Fri 17 August 2018

The Zen of Python, Explained

The Zen of Python by Tim Peters are 20 guidelines for the design of the Python language. Your Python code doesn’t necessarily have to follow these guidelines, but they’re good to keep in mind. The Zen of Python is an Easter egg, or hidden joke, that appears if you run import this:

>>> import this
The Zen of Python, by Tim Peters

Beautiful is better than ugly.
Explicit is better than implicit.
Simple is better than complex.
Complex is better than complicated.
Flat is better than nested.
Sparse is better than dense.
Readability counts.
Special cases aren't special enough to break the rules.
Although practicality beats purity.
Errors should never pass silently.
Unless explicitly silenced.
In the face of ambiguity, refuse the temptation to guess.
There should be one-- and preferably only one --obvious way to do it.
Although that way may not be obvious at first unless you're Dutch.
Now is better than never.
Although never is often better than *right* now.
If the implementation is hard to explain, it's a bad idea.
If the implementation is easy to explain, it may be a good idea.
Namespaces are one honking great idea -- let's do more of those!

NOTE: Mysteriously, only 19 of the guidelines are written down. Guido van Rosum reportedly said that the missing 20th aphorism is “some bizarre Tim Peters in-joke.”

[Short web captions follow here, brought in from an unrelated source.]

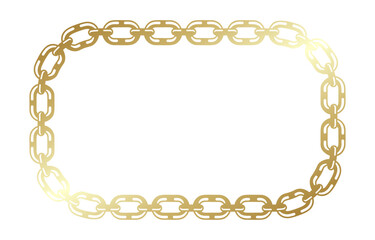 Golden Chain Frame Rectangular Shape on White Background.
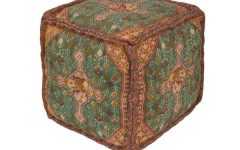 Dark Red and Cream Woven Pouf Ottomans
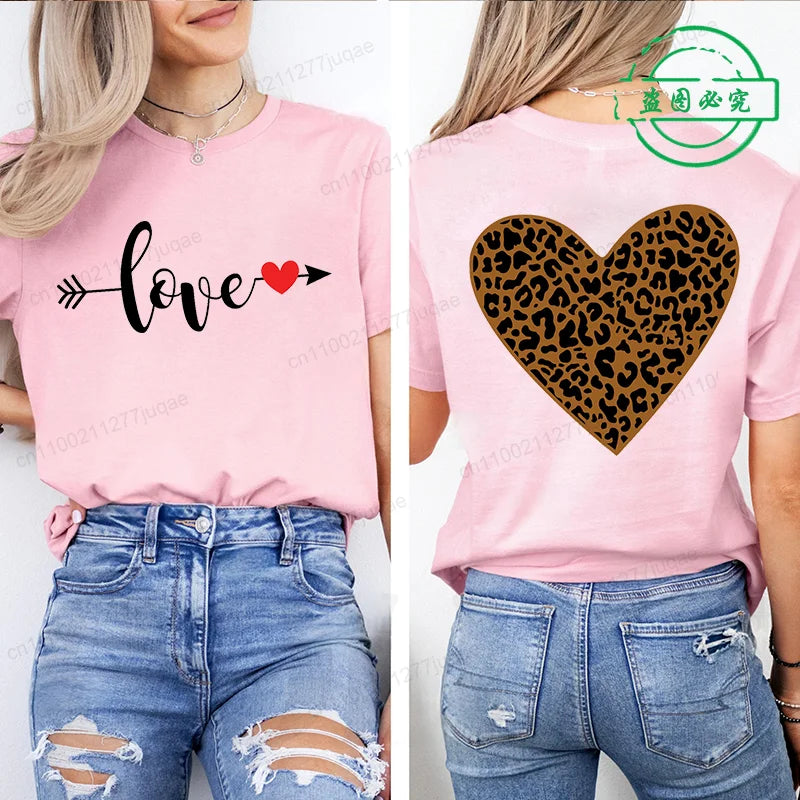 Leopard Heart Shirt T-Shirt Xmas for Women T Shirts Retro Valentine Heart T-Shirts Casual Short Sleeve Tshirt Women Pink Clothes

In the end, these guidelines are opinions that can be argued for or against. Like all good sets of moral codes, they sometimes contradict themselves to provide the most flexibility. Here’s my own interpretation of these aphorisms:

Beautiful is better than ugly.

Programmers often write code quickly without concern for readability. While code doesn’t have to be readable, the code of the Python language itself must be thought out, consistent, and a joy to use. Of course, not every script needs to be beautiful, and beauty is subjective, but much of Python’s popularity is a result of being so easy to work with.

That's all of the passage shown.